WHAT YOU HAVE TO DO » Reproduce the listing exactly, with no pictures in your copy.

(RECORDS TO PROCESS Opens)

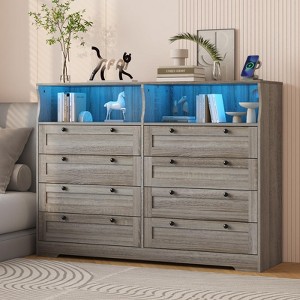 8 Drawer Dresser for Bedroom, 55" Tall Modern Chest with Storage Organizer for Living Room, Hallway, Entryway - 1 of 4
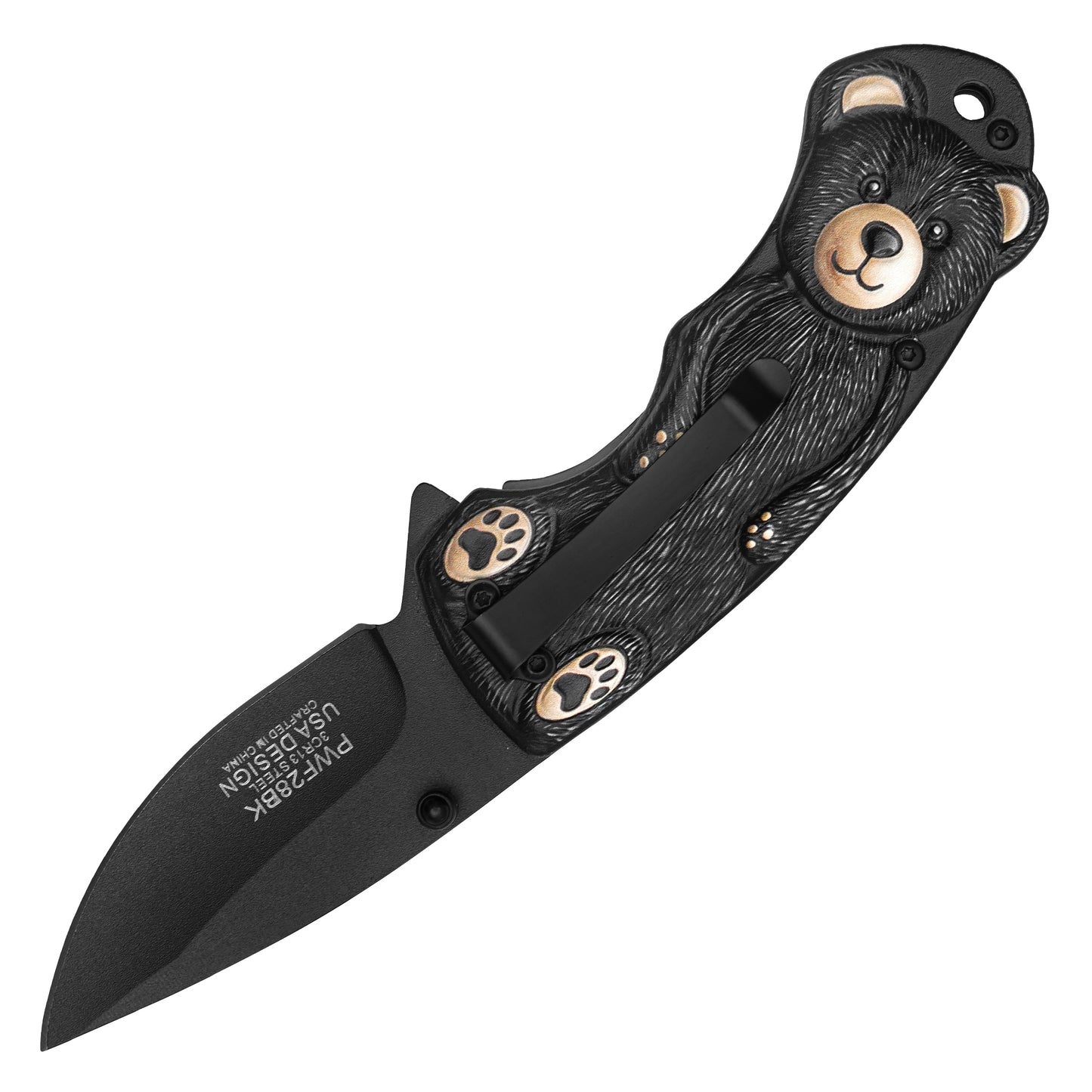 Wartech - 6.75" Black Bear 3D | Spring Assisted Pocket Knife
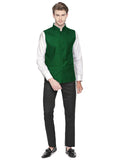 Blacksmith Green and White Diamond Modi Jacket for Men - Green and White Diamond Nehru Jacket for Men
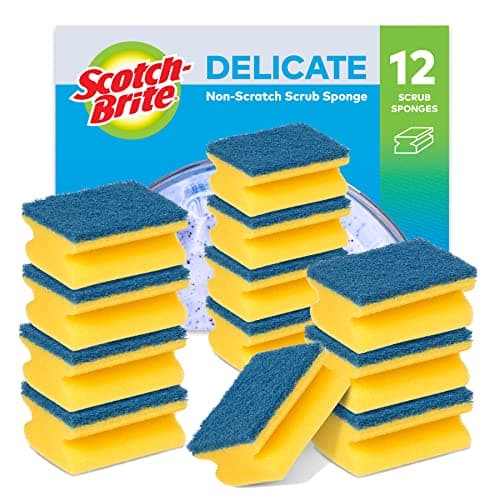 Image of Scotch-Brite Delicate Non-Scratch Sponge Scourer, 12 Pieces - Ideal Everyday Washing up sponge, use on Non-Stick Cookware and Glass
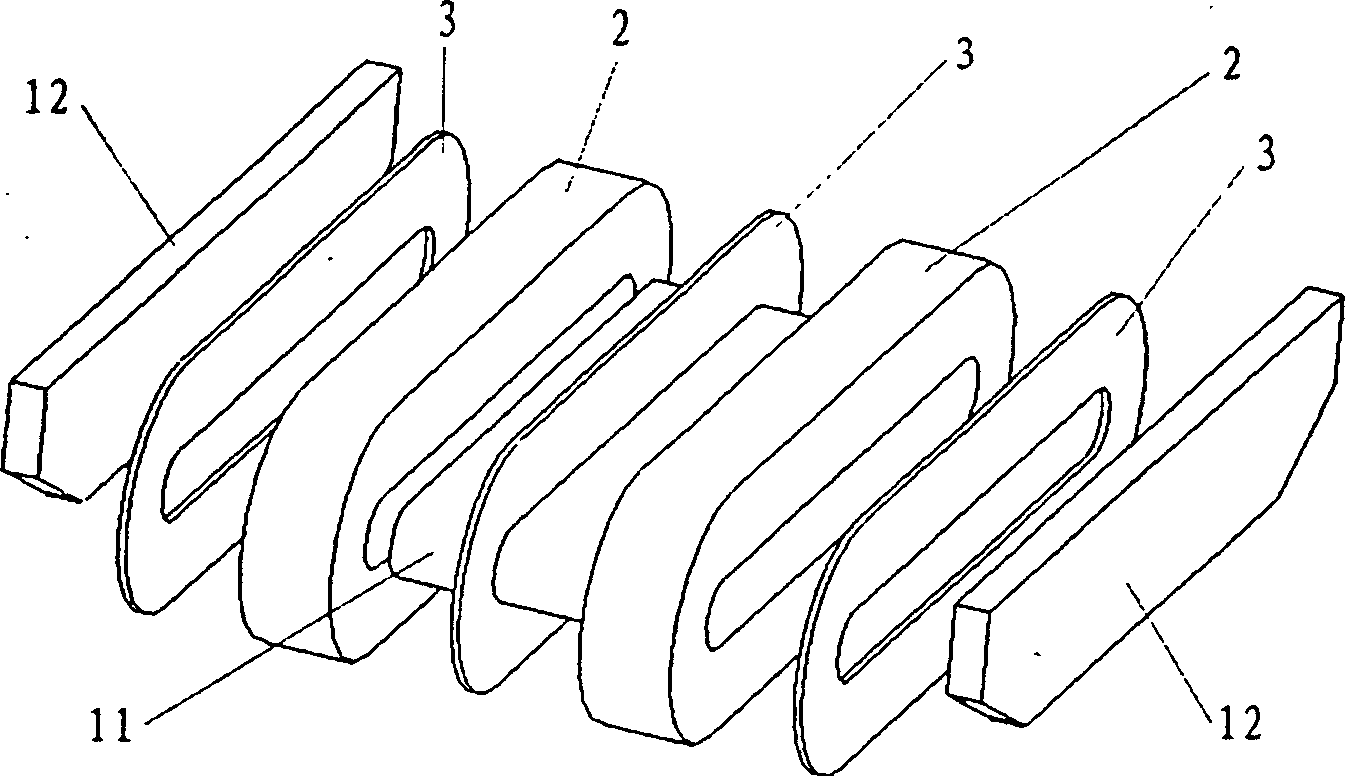 Suspended magnetic iron structure of magnetic suspension vehicle and its production mehtod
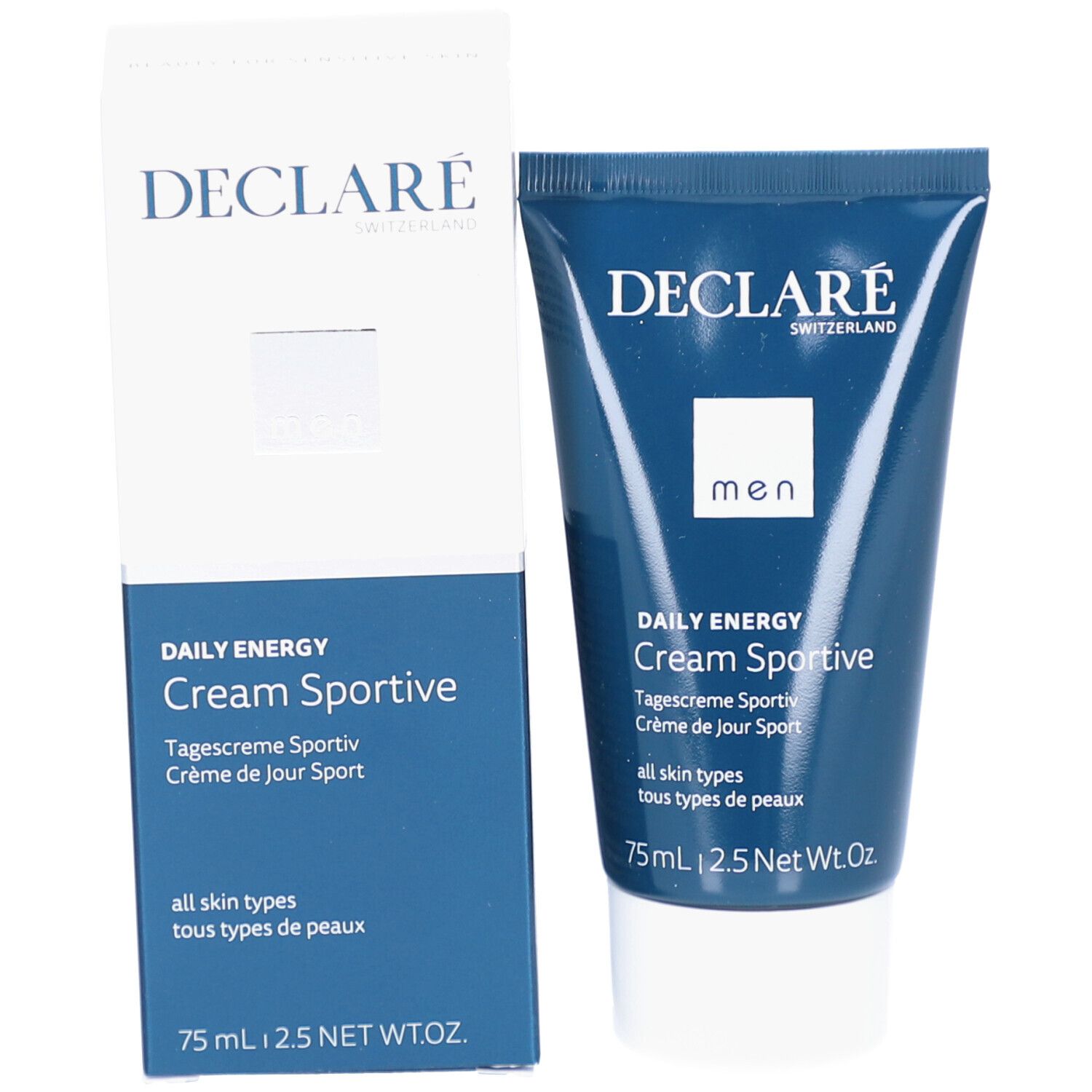 Produktverpackung: Tube und Schachtel. Aufschrift: DECLARÉ, Daily Energy Cream Sportive. Für alle Hauttypen. 75ml.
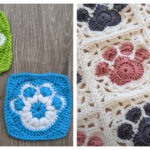 Paw Print Square Motif Free Crochet Pattern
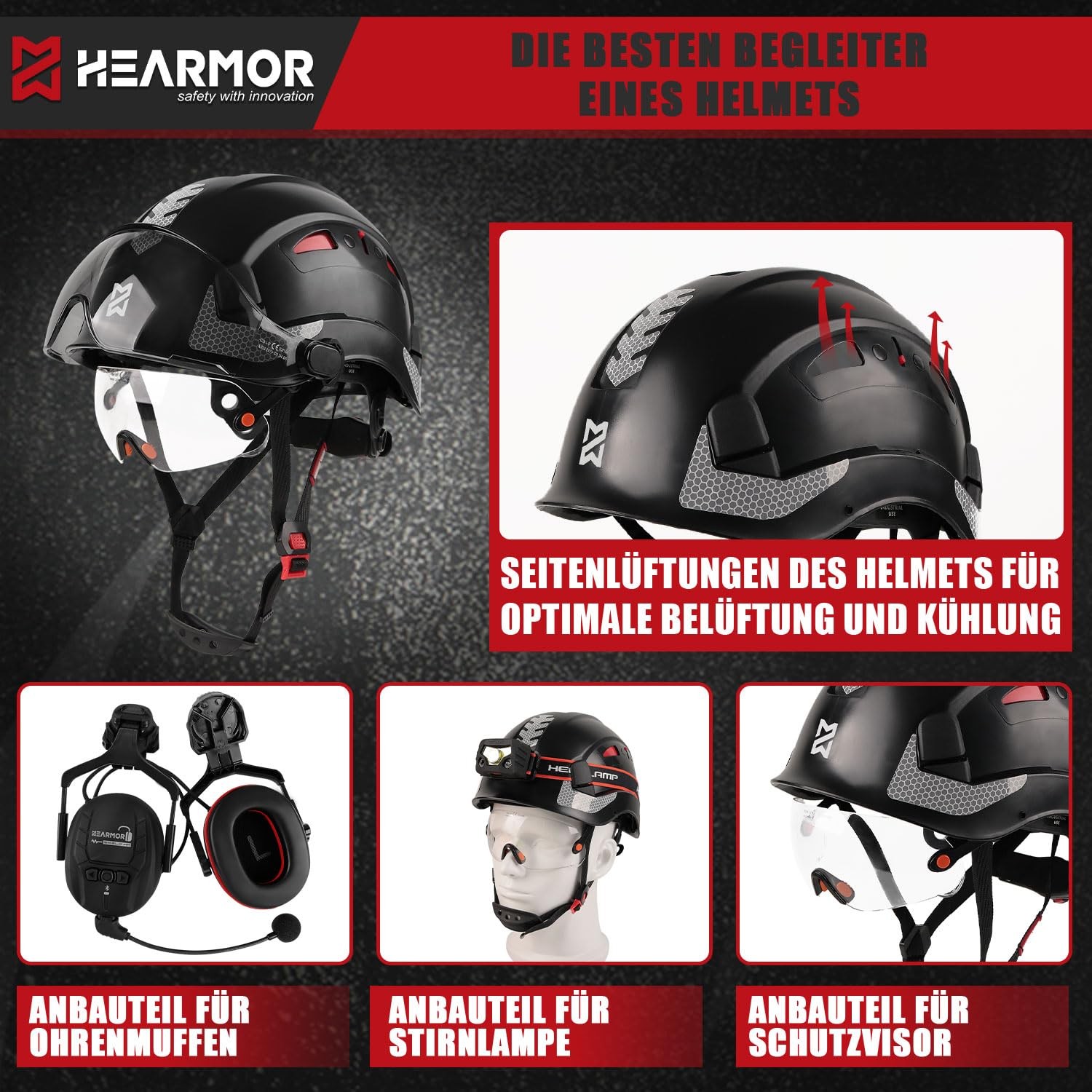 Safety Helmet EN397 Tested High Strength ABS Material, Double Visor for Fast…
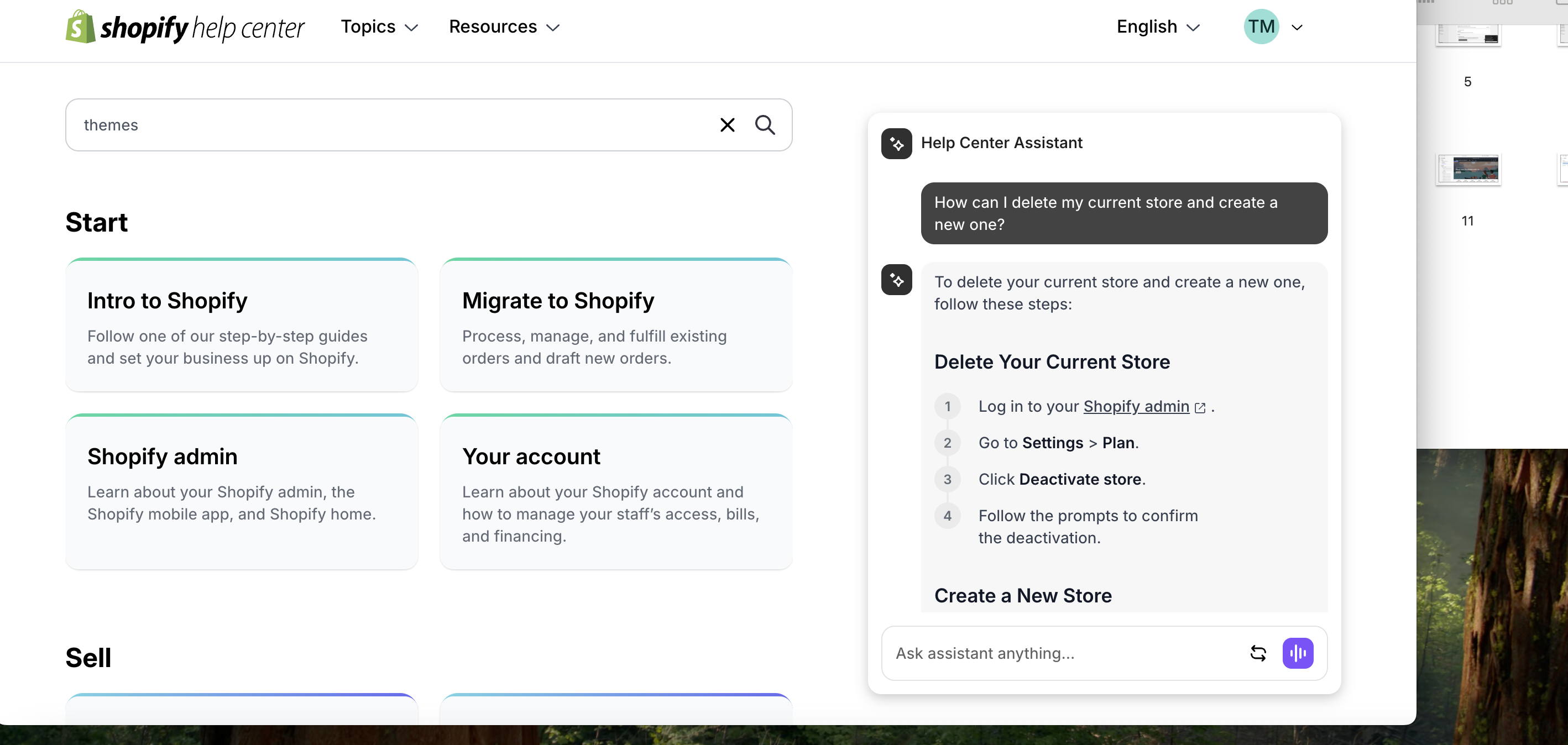Screenshot of Shopify interface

(RECORDS TO PROCESS Closes)

WRITTEN SOLUTION »
 8 Drawer Dresser for Bedroom, 55" Tall Modern Chest with Storage Organizer for Living Room, Hallway, Entryway - 1 of 4
 Wartech - 6.75" Black Bear 3D | Spring Assisted Pocket Knife
 Blacksmith Green and White Diamond Modi Jacket for Men - Green and White Diamond Nehru Jacket for Men
 Image of Scotch-Brite Delicate Non-Scratch Sponge Scourer, 12 Pieces - Ideal Everyday Washing up sponge, use on Non-Stick Cookware and Glass
 Suspended magnetic iron structure of magnetic suspension vehicle and its production mehtod
 Produktverpackung: Tube und Schachtel. Aufschrift: DECLARÉ, Daily Energy Cream Sportive. Für alle Hauttypen. 75ml.
 Paw Print Square Motif Free Crochet Pattern
 Safety Helmet EN397 Tested High Strength ABS Material, Double Visor for Fast…
Screenshot of Shopify interface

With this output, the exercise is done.